MC's 90-minute gig is short on sentimentality: 'It's a celebration,' he says.

NEW YORK — For a farewell show, Prodigy’s performance Wednesday night at B.B. King’s Blues Club & Grill was short on sentimentality.

The Mobb Deep star pleaded guilty in October to gun-possession charges and next week will begin serving a three-and-a-half-year prison bid. The sentence has put the brakes on his rejuvenated solo career just as he’s gearing up to release his latest album, H.N.I.C. 2, which he’s been feverishly promoting.

But for P, the finale, as it was billed, turned out to be business as usual. There was barely any time for tributes.

“Standing next to me, this is my brother here,” said Havoc, the other half of Mobb Deep, midway through the set; he flanked his partner onstage throughout the set. “I’ve known him like 20 years. We went to high school together. It’s been since like ’88 or ’89. I’ve known him a long time, I consider him my brother. Give it up for family!”

“It’s a celebration, though,” Prodigy quickly cut in during the cheers, ending the only words of recognition for him all night.

With that, DJ On Point launched into “Shook Ones Pt. II,” the Queens duo’s classic hit. The crowd — littered with fans holding swirling cups of Hennessy, clad in Champion hoodies and Timbs — went wild.

“I got you stuck off the realness/ We been the infamous/ You heard of us/ Official Queensbridge murders,” Prodigy spit, as the 30-plus members of his entourage onstage, including Cormega, chanted along.

P and Hav quickly transitioned into “Quiet Storm,” then Prodigy kicked “Keep It Thoro” from his debut solo LP, before the M-O-B-B connected with their G-Unit era and went into “Have a Party.”

Prodigy kept the capacity crowd off balance for the majority of the night. Vintage Mobb tracks were performed between a number of standout cuts from the upcoming H.N.I.C. 2.

“Real Power,” with its woozy, minimal beat and chanted chorus, made it feel like a New York summer night in 1994.

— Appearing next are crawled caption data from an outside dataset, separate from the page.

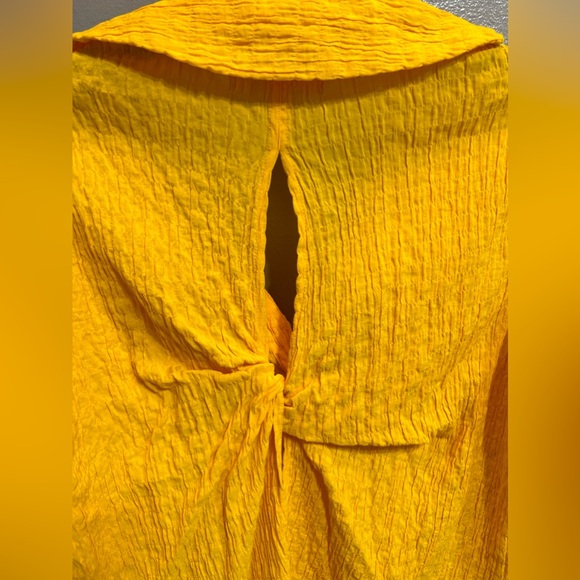 🍁Like New Women’s Urban Outfitters Key Hole Back Button Up - Picture 10 of 12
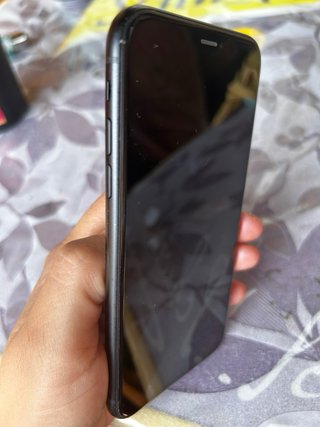 iPhone 11 Negro XR  Salud de batería 77%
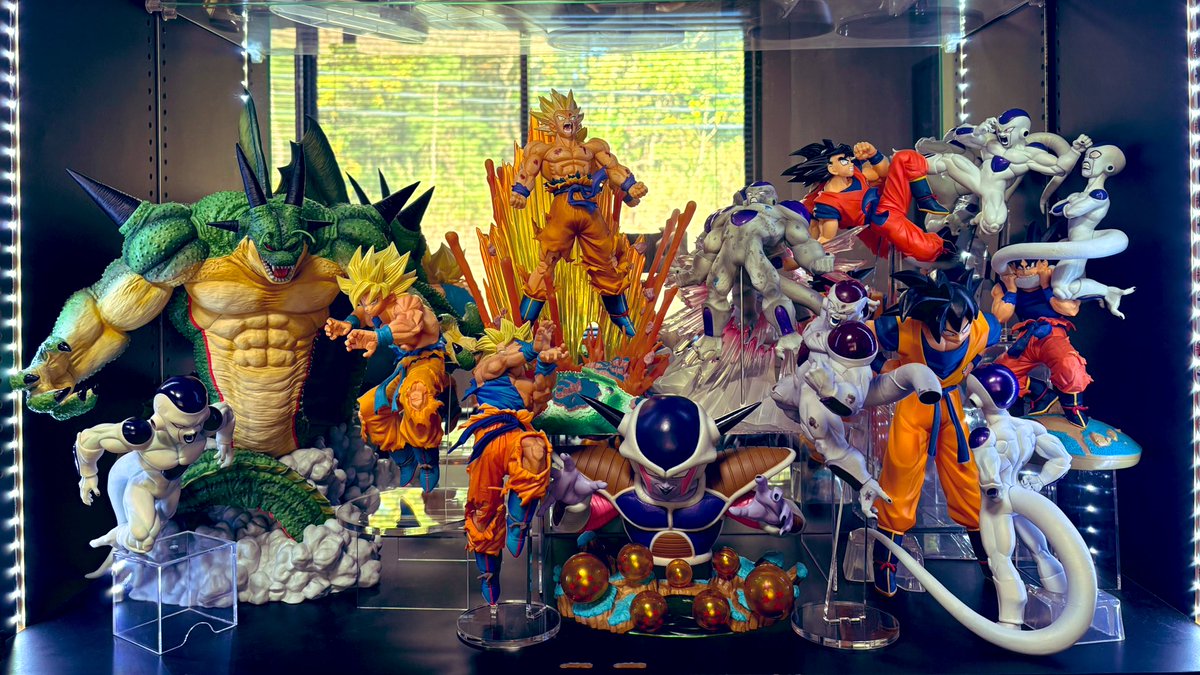 悟空vsフリーザ』更新。 真ん中にフリーザをどーんと。 ポルンガの前に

“F— jewelry, f— rims,” P rapped on the grimey track. And sure enough, before the song, P took his hoodie and chains off. His crew did the same and a chain went flying into the crowd as someone pumped their fist a little too enthusiastically to the song. Maserati Fox dived off the stage and parted the crowd to get it back.

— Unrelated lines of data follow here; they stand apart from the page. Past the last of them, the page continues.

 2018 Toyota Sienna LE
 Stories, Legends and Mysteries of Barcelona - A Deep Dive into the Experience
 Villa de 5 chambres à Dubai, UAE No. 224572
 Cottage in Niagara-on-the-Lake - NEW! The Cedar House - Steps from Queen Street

Prodigy brought out Un Pacino for another new track, “Three Stacks”; Mega joined him to spit a quick a cappella verse.

But after 90 minutes onstage and with the time nearing midnight, P began a list of shout outs: to 50 Cent, to G-Unit, and to his grandmother, “the original H.N.I.C.”

P then dove into one more track to end the night, “Dirty New Yorker,” from his new album. But it was only for one verse, and by that time Prodigy’s voice was getting hoarse.

However, it was a fitting cap to the evening. “Everyone, one love,” P said plainly as he exited the stage. “We had fun.”